Le sport électronique évolue notamment grâce à l'avènement du streaming mais pas que. En effet ce qui n'était qu'un microcosme composé de quelques irréductibles il y a encore quelques années est devenu une poule aux œufs d'or aux yeux de certains responsables marketing de grandes marques. Ainsi il n'est désormais plus rare de voir débarquer les éditeurs les plus riches du monde dans l'univers de la compétition mais également des constructeurs automobiles, des marques alimentaires ou bien encore un retour aux sources des champions de l'informatique. Si l'ensemble de ces entreprises ont des intérêts divergeant, leurs objectifs restent les mêmes : vendre. Or la récente vente de Twitch à Amazon pour 970 millions de dollars devrait permettre une fois encore de développer ce marché naissant qui rapporte déjà plusieurs centaines de millions de dollars par an.
Un peu d'histoire
Pourtant rien ne prédisposait l'eSport à connaitre un avenir comme nous le vivons aujourd'hui. Par le passé déjà nous avions connu une belle période d'euphorie jusqu'à cette fameuse crise financière de 2008 qui avait également durement touché le monde du sport électronique.

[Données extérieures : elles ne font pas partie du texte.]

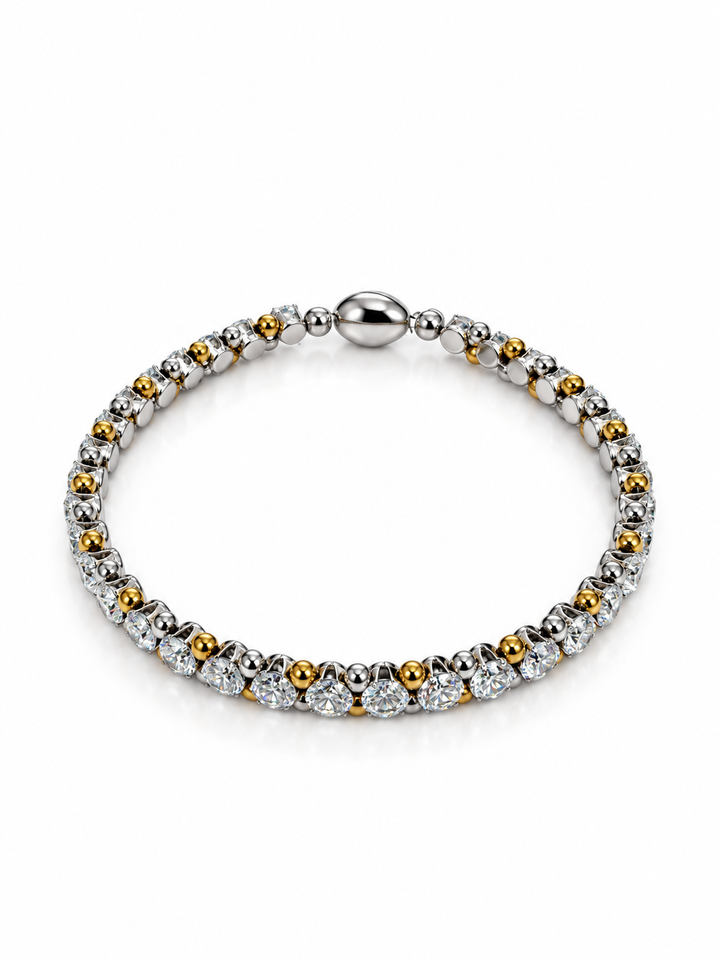 Two-Tone Tennis Bracelet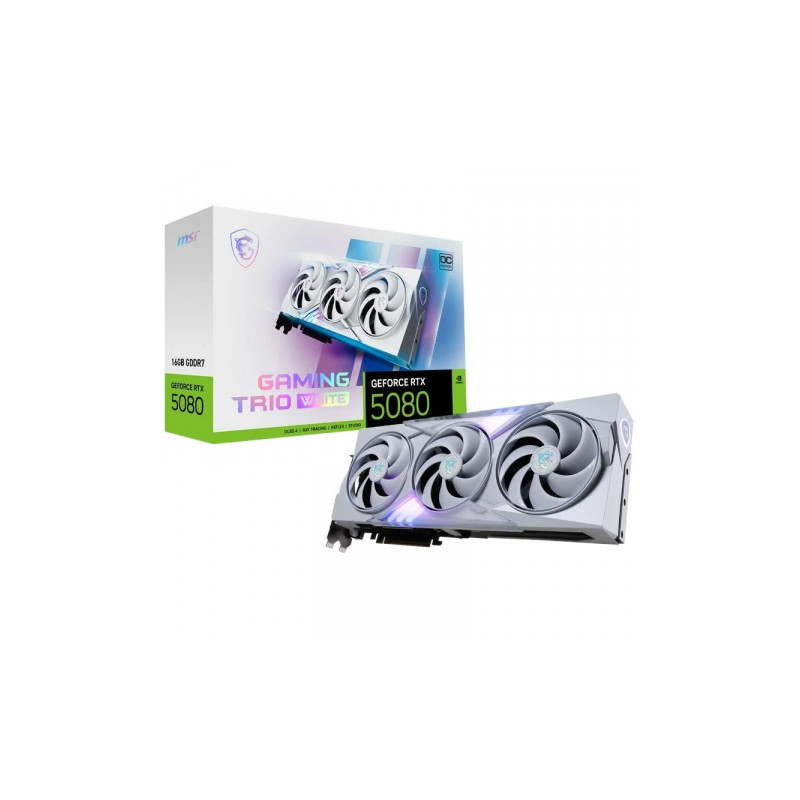 VGA Msi Rtx 5080 16G Gaming Trio WHITE,NV,RTX5080,16GB | APLIUM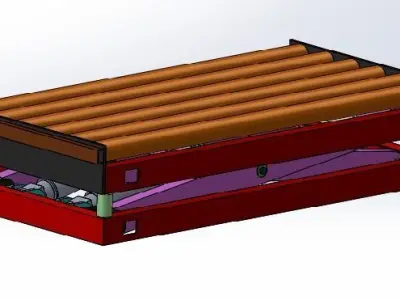 SCISSOR LIFT 3D model 2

Plusieurs grands noms en ont fait les frais, le plus célèbre par chez nous aura certainement été l'Electronic Sports World Cup (ESWC) obligé de fermer boutique dès 2009 suite au retrait de Nvidia et des dollars qu'ils versaient. Car les grands noms de l'informatique avaient déjà senti le bon coup au début des années 2000 en investissant d'importantes sommes d'argent afin d'aider à l'organisation d'événements où leurs matériels étaient mis en avant. Il n'était pas rare de voir AMD, Nvidia, Samsung, Microsoft ou encore Intel dépenser sans compter, chacun ayant même le privilège d'avoir sa propre compétition dédiée. Et puis la crise a entrainé une baisse significative des revenus avec la diminution drastique des budgets publicitaires. L'eSport était ainsi touché de plein fouet par les restructurations des grandes compagnies qui n'avaient plus envie d'investir dans un secteur dont l'avenir était incertain.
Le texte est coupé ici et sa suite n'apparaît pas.